Non ho neanche windows installato   :Shocked: 

grazie mille

----------

## randomaze

 *BlackBelt wrote:*   

> a qualcuno è capitato? sapete come posso risolvere? Ho provato pure a cercare il firmware ma per il mio masterizzatore combo, integrato su un laptop asus L5D, non si trova. 

 

Prova ad abbassare la velocità di scrittura al minimo.

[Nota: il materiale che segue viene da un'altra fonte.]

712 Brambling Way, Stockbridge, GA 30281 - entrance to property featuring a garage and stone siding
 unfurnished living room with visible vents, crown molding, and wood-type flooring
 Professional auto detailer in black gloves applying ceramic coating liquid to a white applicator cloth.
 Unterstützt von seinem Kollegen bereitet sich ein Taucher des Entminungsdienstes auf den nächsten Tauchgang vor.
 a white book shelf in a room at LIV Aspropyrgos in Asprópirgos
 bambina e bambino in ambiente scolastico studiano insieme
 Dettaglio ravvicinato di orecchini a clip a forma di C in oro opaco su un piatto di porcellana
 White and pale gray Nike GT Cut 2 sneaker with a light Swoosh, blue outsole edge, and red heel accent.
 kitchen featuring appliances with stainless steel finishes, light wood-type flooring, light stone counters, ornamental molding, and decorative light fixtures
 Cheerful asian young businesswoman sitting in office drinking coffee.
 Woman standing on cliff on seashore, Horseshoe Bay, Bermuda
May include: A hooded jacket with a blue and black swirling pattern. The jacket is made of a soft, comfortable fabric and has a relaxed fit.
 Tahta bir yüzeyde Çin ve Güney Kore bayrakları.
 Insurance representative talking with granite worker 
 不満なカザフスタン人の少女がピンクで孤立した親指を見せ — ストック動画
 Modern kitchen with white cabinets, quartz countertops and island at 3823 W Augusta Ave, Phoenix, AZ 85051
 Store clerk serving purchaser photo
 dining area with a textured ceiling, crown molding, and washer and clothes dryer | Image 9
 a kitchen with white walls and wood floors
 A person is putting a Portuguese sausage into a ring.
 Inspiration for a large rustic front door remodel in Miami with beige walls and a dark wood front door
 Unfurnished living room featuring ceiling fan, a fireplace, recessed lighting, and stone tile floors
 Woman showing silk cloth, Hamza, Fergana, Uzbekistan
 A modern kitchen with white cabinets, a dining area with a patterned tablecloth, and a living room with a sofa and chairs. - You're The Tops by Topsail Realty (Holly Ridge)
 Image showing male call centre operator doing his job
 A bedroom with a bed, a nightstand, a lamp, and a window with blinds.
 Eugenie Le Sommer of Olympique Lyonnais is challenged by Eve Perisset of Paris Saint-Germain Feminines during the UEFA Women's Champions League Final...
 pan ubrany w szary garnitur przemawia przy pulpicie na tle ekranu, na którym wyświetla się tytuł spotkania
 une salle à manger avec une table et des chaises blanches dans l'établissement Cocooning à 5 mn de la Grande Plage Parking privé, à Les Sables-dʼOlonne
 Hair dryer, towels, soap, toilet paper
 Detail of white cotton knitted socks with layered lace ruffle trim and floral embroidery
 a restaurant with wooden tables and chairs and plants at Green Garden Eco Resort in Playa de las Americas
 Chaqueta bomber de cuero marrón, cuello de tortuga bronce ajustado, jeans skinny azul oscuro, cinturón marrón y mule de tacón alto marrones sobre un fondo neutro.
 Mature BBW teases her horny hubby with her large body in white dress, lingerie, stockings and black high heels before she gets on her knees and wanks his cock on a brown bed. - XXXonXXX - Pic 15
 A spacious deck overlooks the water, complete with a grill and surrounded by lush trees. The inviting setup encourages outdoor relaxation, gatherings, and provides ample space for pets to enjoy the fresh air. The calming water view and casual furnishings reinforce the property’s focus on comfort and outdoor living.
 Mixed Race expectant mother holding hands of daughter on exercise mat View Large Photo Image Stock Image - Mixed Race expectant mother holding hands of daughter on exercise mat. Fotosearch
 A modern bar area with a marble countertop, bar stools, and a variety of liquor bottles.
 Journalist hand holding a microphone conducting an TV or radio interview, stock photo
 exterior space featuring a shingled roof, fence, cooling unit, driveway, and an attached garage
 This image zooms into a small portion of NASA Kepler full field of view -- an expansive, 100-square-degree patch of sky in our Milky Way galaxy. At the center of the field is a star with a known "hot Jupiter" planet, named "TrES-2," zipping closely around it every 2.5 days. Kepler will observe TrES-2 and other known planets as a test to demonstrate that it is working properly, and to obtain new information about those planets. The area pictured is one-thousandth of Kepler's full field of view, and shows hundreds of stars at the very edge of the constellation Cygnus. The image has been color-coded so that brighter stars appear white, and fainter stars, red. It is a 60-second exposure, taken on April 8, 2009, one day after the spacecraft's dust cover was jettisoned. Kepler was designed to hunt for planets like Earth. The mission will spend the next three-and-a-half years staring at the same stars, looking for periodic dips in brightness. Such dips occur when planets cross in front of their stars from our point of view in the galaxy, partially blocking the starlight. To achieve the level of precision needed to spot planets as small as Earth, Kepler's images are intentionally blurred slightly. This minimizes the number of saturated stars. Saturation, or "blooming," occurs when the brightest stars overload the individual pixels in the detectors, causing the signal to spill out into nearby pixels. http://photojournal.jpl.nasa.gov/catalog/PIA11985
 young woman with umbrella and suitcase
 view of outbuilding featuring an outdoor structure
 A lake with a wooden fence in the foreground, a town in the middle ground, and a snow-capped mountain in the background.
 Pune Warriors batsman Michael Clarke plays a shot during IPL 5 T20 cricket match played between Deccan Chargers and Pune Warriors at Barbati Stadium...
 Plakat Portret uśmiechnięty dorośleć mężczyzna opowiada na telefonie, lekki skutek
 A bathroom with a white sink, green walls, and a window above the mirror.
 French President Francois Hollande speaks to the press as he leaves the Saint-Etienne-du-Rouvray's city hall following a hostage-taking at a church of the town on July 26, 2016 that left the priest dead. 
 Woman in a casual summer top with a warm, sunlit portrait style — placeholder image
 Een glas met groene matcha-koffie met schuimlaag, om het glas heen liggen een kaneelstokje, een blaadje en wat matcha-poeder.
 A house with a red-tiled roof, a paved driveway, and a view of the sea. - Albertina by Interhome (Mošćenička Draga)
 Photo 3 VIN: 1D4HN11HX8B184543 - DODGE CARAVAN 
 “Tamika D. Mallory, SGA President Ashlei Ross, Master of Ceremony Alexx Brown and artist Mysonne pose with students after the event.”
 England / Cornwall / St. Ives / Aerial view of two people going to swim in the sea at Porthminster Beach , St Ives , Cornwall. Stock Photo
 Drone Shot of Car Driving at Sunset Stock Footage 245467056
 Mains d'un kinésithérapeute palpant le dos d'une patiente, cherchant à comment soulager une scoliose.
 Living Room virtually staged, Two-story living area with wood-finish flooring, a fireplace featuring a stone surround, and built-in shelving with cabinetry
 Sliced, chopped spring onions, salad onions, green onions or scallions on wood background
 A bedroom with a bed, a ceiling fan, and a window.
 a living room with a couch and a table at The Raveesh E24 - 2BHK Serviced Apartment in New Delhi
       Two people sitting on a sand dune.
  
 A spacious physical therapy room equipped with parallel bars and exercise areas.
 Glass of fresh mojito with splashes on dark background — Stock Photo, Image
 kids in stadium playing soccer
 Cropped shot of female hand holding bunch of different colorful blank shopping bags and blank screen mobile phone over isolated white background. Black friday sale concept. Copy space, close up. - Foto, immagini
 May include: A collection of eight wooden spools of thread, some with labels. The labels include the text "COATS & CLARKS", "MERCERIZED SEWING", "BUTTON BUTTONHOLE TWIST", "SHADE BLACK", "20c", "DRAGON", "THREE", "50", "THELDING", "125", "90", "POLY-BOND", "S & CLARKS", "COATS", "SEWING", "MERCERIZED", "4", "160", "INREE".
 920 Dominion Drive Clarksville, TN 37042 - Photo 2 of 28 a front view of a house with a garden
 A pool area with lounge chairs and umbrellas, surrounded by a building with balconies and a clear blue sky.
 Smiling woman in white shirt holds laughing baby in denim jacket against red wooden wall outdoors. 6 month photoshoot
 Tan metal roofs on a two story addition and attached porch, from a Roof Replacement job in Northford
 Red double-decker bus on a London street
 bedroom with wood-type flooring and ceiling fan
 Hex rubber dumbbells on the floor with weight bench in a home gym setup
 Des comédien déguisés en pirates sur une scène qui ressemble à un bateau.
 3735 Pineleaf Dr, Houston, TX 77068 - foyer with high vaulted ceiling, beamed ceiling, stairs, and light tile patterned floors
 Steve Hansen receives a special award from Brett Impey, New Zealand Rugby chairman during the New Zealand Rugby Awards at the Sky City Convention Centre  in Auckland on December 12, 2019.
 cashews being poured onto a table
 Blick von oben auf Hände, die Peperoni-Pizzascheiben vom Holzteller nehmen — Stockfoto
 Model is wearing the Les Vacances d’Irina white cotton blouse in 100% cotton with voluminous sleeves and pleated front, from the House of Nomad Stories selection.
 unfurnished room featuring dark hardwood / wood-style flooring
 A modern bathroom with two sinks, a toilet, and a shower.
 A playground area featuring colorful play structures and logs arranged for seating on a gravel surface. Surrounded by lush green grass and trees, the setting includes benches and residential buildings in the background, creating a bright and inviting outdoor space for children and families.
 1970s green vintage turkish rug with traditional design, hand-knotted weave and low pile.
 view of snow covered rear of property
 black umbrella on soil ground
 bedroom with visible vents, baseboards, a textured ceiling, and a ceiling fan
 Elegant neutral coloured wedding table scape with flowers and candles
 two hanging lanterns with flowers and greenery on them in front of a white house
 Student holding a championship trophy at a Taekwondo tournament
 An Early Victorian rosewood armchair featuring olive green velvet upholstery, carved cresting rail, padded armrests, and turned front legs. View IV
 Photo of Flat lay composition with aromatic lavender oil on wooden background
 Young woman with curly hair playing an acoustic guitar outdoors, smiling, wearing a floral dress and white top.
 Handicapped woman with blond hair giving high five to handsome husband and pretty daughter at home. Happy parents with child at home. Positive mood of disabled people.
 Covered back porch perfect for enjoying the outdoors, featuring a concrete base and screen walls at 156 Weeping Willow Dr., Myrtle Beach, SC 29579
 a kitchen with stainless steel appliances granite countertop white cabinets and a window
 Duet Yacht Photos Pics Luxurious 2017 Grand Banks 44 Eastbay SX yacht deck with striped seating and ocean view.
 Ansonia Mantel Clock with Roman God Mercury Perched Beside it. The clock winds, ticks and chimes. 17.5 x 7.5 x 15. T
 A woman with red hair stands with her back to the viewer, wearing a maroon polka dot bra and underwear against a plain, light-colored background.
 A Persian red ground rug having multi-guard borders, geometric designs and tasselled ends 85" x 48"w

Edit: Di che masterizzatore stiamo parlando?

----------

## BlackBelt

 *Quote:*   

> Di che masterizzatore stiamo parlando?

 

Nabucodonosor emanuele # dvd+rw-mediainfo /dev/hda

INQUIRY:                [PIONEER ][DVD-RW DVR-K13AS][1.11]

 *Quote:*   

> Prova ad abbassare la velocità di scrittura al minimo

 

Ho scritto a 2x, scendo ancora?

grazie

----------

## Wise

Ciao,

io ho un ASUS DRW-1608P e mi è successa una cosa simile...

masterizavo un dvd-rw e tutto andava bene, masterizavo un dvd-r (con gli stessi dati del -rw) e non mi leggeva niente...

facendo una ricerca tra i bug ho scoperto che succedeva anche a chi aveva un Pioneer DVR-109

(lo so che non è il tuo ma magari sono parenti!)

il risultato della ricerca è che dvd+rw-tools-5.21.4.10.8 hanno un bug (mi pare che sia proprio Growisofs ad avere il problema...)

che non chiudono il dvd se si scrive oltre una certa quantità di dati..

ora nel bug-report c'era un ebuid che ti installava una vesione dei dvd+rw-tools con la pach...

il bug dovrebbe essere questo:https://bugs.gentoo.org/show_bug.cgi?id=95357

ma l'ebuid non lo vedo... comunque c'è un programmino che ti chiude i dvd che hai già scritto...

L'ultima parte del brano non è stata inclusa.